I wrote the story called Andy & The Snake for Westways Magazine; to see it, click here.
And now for something completely different, we’re going to find a faint trace of Nevada in the deep south. . . .
In June Robin and I flew east to BWI, rented a car and drove down through Virginia and halfway through North Carolina for son John and his Katie’s wedding. It turns out there are some big differences between traveling in Nevada and traveling in the South.
For one thing, in Nevada you can see forever; down south you can’t see anything because the trees are in the way.
On a clear spring day in Nevada the sky is bright
blue. People tell me that it turns blue here too but we saw a series of exquisitely shifting watercolors, soppy wads of color-tinged gauze floating in air so hot and humid it made Robin’s hair curl.
In Nevada you can drive 25 miles out of town and leave civilization behind. In this part of the world you could drive forever and never get away.
And there is the Civil War. Highways are punctuated with hundreds of historical markers offering information on the bloody events that took place here in the 1860s (most with no safe place to pull off and read them). At one Virginia museum there were statistics indicating that slightly more than a thousand Nevadans were actively engaged in the conflict, with 33 killed. These are by far the lowest numbers among the 35/36 states (Nevada was admitted to the Union October 31, 1864) in existence at the time. Clearly we were far removed from the national cataclysm and spared the sorrow and misery suffered by so many Americans.
We especially liked Petersburg, Virginia and stayed two nights there so as to use it as a base of exploration. Twenty-five miles south of Richmond, this small city has some big history; it was subjected to the longest siege of the Civil War, nearly a year, and was the site of one of its ghastliest episodes: the Battle of the Crater. This unhappy event has a curious Nevada connection.

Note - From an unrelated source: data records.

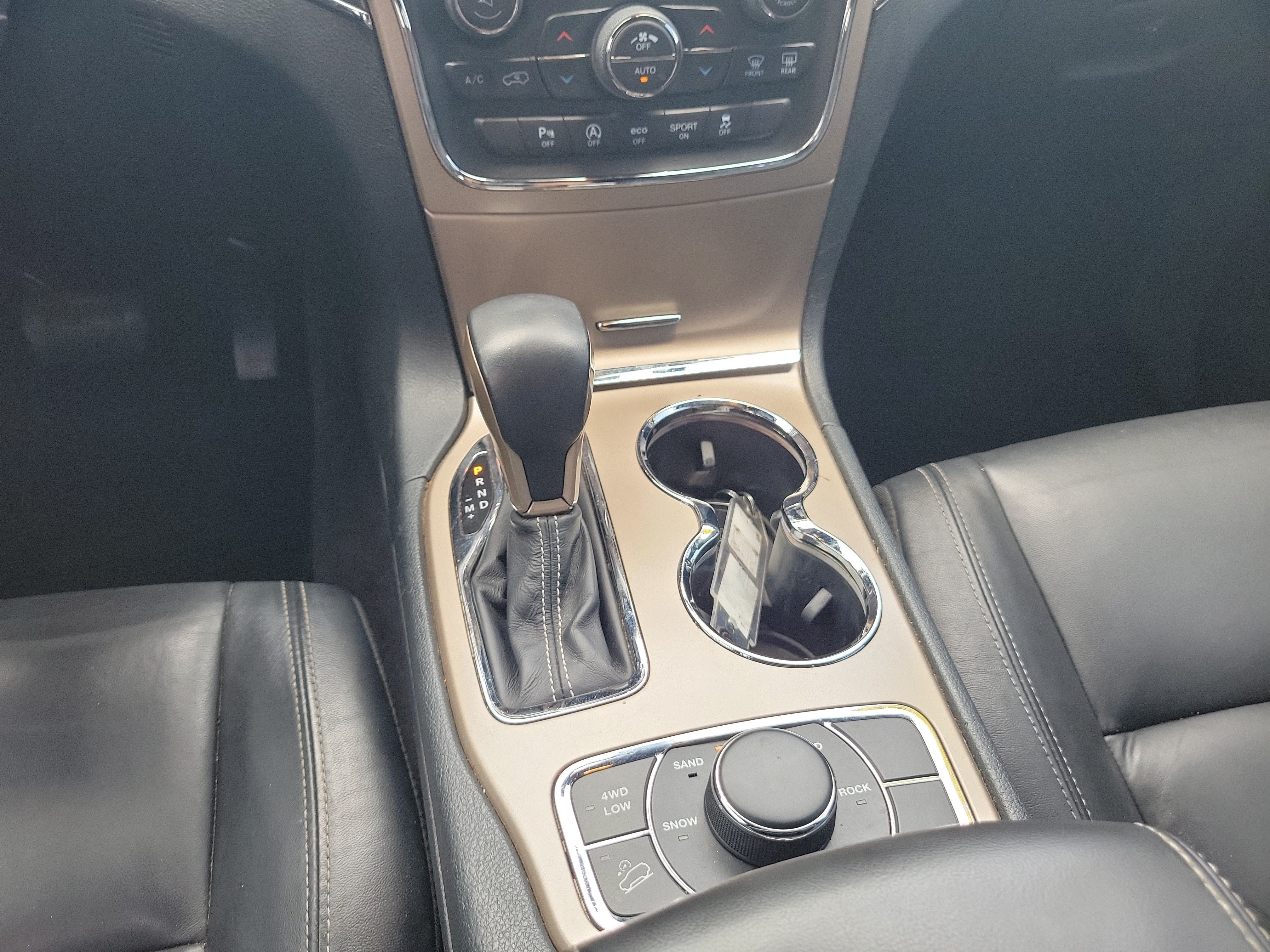 Used 2016 Brilliant Black Crystal Pearlcoat Jeep Limited image 18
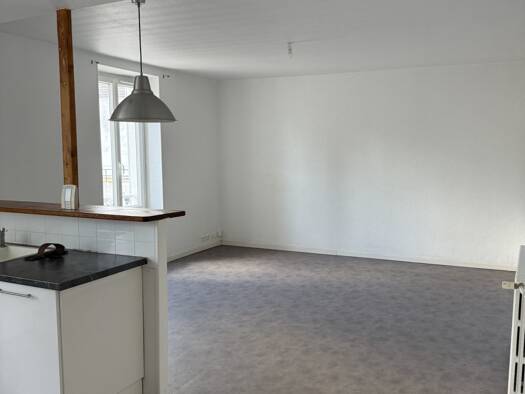 Appartement à louer 350 € 1 pièce 38 m² Étage 1/1 Montlucon 03100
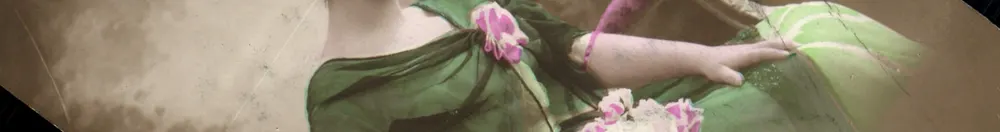 Frau in grünem Kleid — Blumen — unbekannter Verlag - Vorderseite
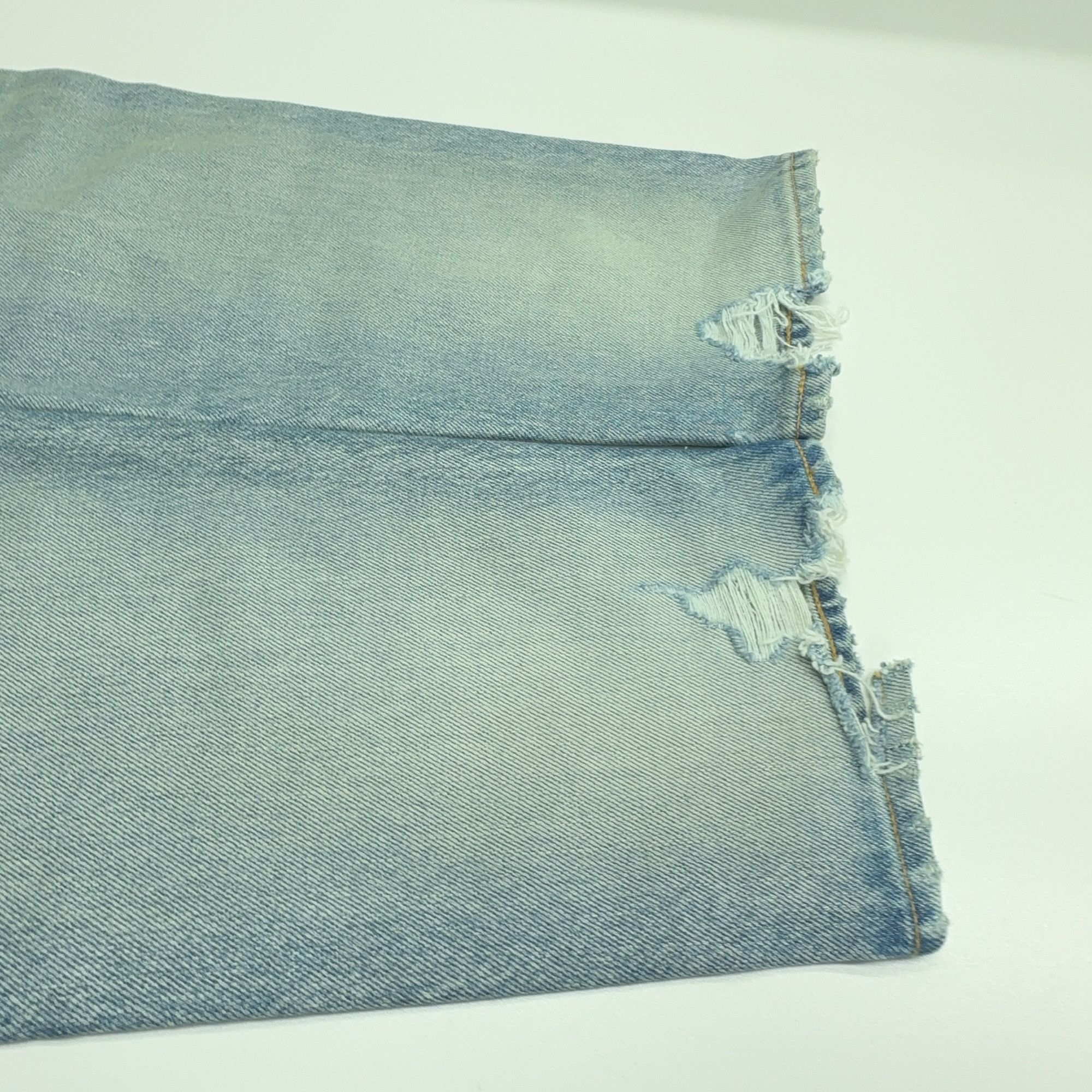 Saint Laurent Paris Saint Laurent Light Wash Denim Jeans Size 30 Size US 30 / EU 46 - 14 Thumbnail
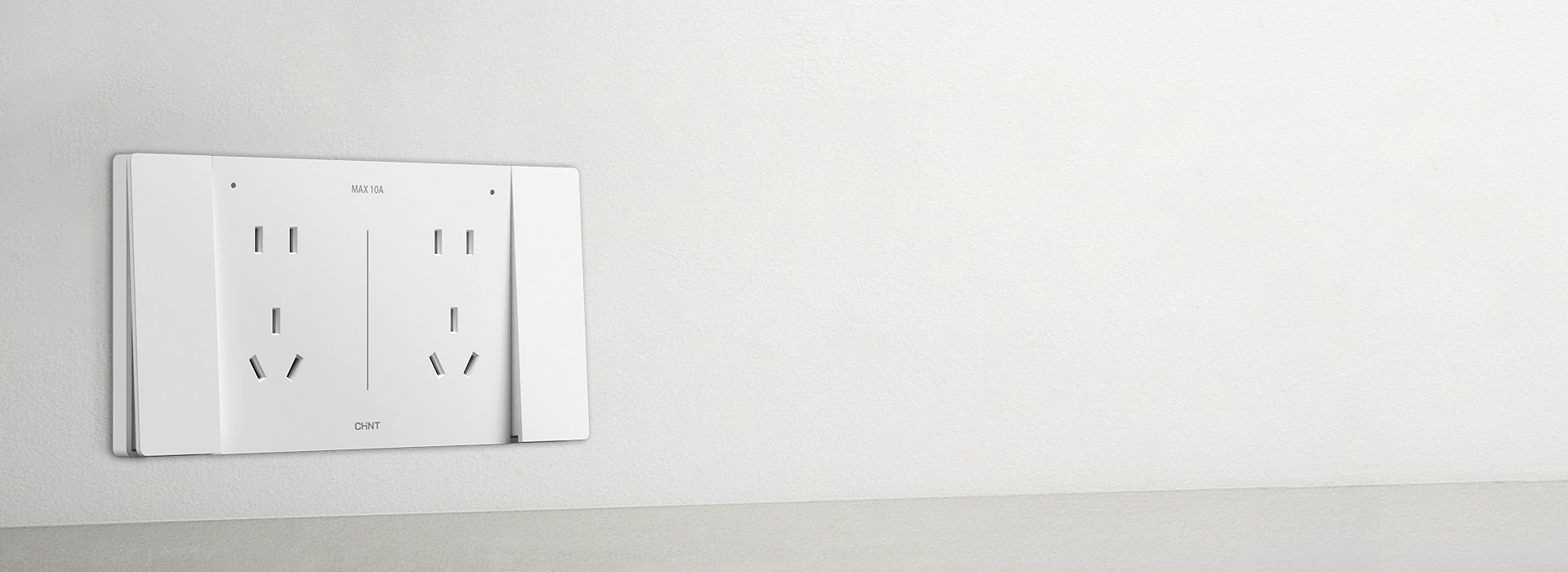 獨立開關控制 插座由對應的開關一對一控...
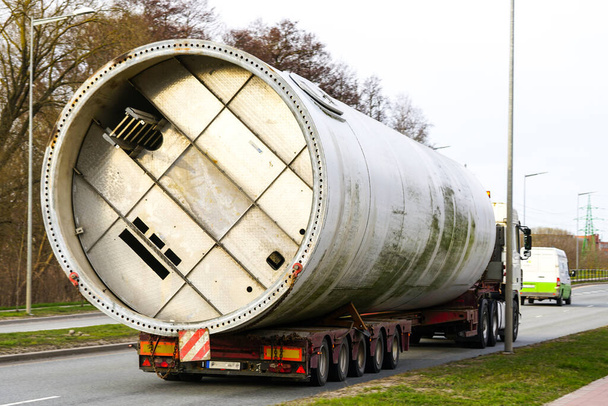 transporte de mercancías voluminosas en una carretera de tráfico con un remolque de servicio pesado - Foto, imagen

In the course of the siege of Petersburg the Confederate defenders had created an elaborate system of trenches around the city. In July, 1864, a contingent of Pennsylvania coal miners dug a tunnel from behind a small hill to undermine the rebel line, and packed it with four tons of gunpowder. Early on the morning of July 30 they exploded it.
Into the resulting crater rushed three divisions of Burnside’s IX Corps, led by General James H. Ledlie‘s 1st Division — but without Ledlie, who was drinking whiskey behind the lines with General Ferraro and who, at the decisive moment, declined to put down the bottle and lead the attack, just as he had neglected to brief or train his soldiers for it. The attack was a fiasco. Grant called it the saddest event of the war, and Ledlie was sent home to await further orders, which never came.
|HAPPY BIRTHDAY EDNA!|
Don’t forget, you’re invited to Edna Purviance’s 115th Birthday Party at the Martin Hotel, Winnemucca on Saturday, October 23. Please e-mail for complete details.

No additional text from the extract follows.